Russell Cayley, George Tony P, Chopra Nitin, Le Foll Bernard, Matheson Flora I, Rehm Jürgen, Lange Shannon
Institute for Mental Health Policy Research, Centre for Addiction and Mental Health (CAMH), Toronto, ON, Canada.
Ontario Node, Canadian Research Initiative in Substance Misuse (CRISM), Toronto, ON, Canada.
Am J Drug Alcohol Abuse. 2024 Sep 2;50(5):567-586. doi: 10.1080/00952990.2024.2360984. Epub 2024 Jun 28.
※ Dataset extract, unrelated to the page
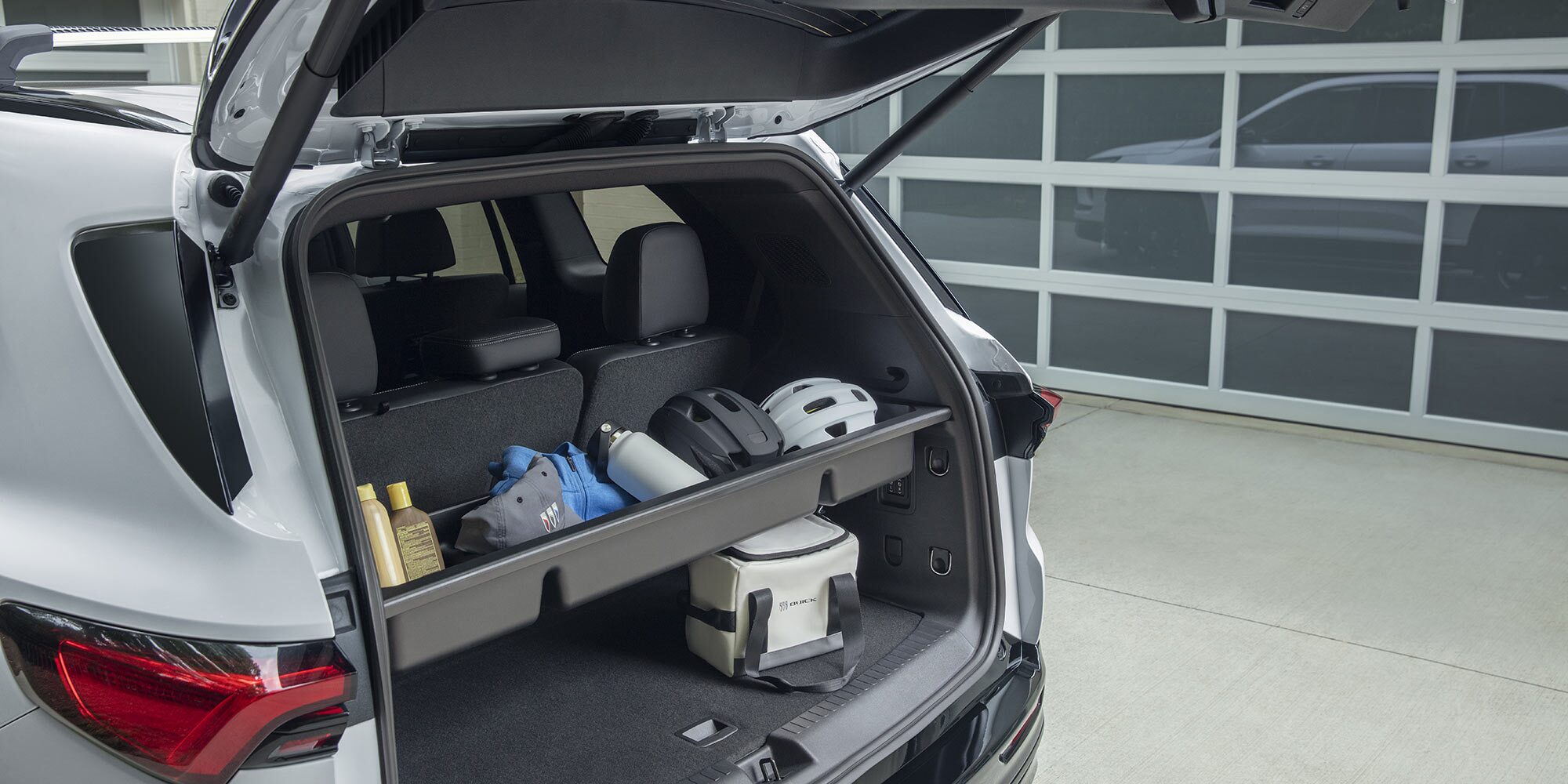 The Open Rear Cargo Area of a White Buick SUV with a Shelf Holding Helmets Sunscreen and a Buick Cooler Against a White Garage Door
Medications for opioid use disorder (MOUD) reduce risks for overdose among correctional populations. Among other barriers, daily dosing requirements hinder treatment continuity post-release. Extended-release buprenorphine (XR-BUP) may therefore be beneficial. However, limited evidence exists. To conduct a systematic review examining the feasibility and effectiveness of XR-BUP among correctional populations. Searches were carried out in Pubmed, Embase, and PsychINFO in October 2023. Ten studies reporting on feasibility or effectiveness of XR-BUP were included, representing = 819 total individuals (81.6% male). Data were extracted and narratively reported under the following main outcomes: 1) Feasibility; 2) Effectiveness; and 3) Barriers and Facilitators. Studies were heterogeneous. Correctional populations were two times readier to try XR-BUP compared to non-correctional populations. XR-BUP was feasible and safe, with no diversion, overdoses, or deaths; several negative side effects were reported. Compared to other MOUD, XR-BUP significantly reduced drug use, resulted in similar or higher treatment retention rates, fewer re-incarcerations, and was cost-beneficial, with a lower overall monthly/yearly cost. Barriers to XR-BUP, such as side effects and a fear of needles, as well as facilitators, such as a lowered risk of opioid relapse, were also identified. XR-BUP appears to be a feasible and potentially effective alternative treatment option for correctional populations with OUD. XR-BUP may reduce community release-related risks, such as opioid use and overdose risk, as well as barriers to treatment retention. Efforts to expand access to and uptake of XR-BUP among correctional populations are warranted.
用于阿片类物质使用障碍(MOUD)的药物可降低惩教人群的过量用药风险。在其他障碍中,每日给药要求阻碍了释放后的治疗连续性。因此,长效丁丙诺啡(XR - BUP)可能有益。然而,相关证据有限。为了进行一项系统评价,考察XR - BUP在惩教人群中的可行性和有效性。2023年10月在PubMed、Embase和PsychINFO中进行了检索。纳入了10项报告XR - BUP可行性或有效性的研究,共涉及819人(81.6%为男性)。数据在以下主要结果下进行提取并叙述性报告:1)可行性;2)有效性;3)障碍与促进因素。各研究存在异质性。与非惩教人群相比,惩教人群尝试XR - BUP的意愿高出两倍。XR - BUP是可行且安全的,没有药物转移、过量用药或死亡情况报告;但报告了一些负面副作用。与其他MOUD相比,XR - BUP显著减少了药物使用,治疗保留率相似或更高,再次入狱情况更少,且具有成本效益,每月/每年总体成本更低。还确定了XR - BUP的障碍,如副作用和对针头的恐惧,以及促进因素,如阿片类物质复发风险降低。XR - BUP似乎是患有阿片类物质使用障碍的惩教人群一种可行且可能有效的替代治疗选择。XR - BUP可能会降低与社区释放相关的风险,如阿片类物质使用和过量用药风险,以及治疗保留的障碍。有必要努力扩大惩教人群中XR - BUP的可及性和使用率。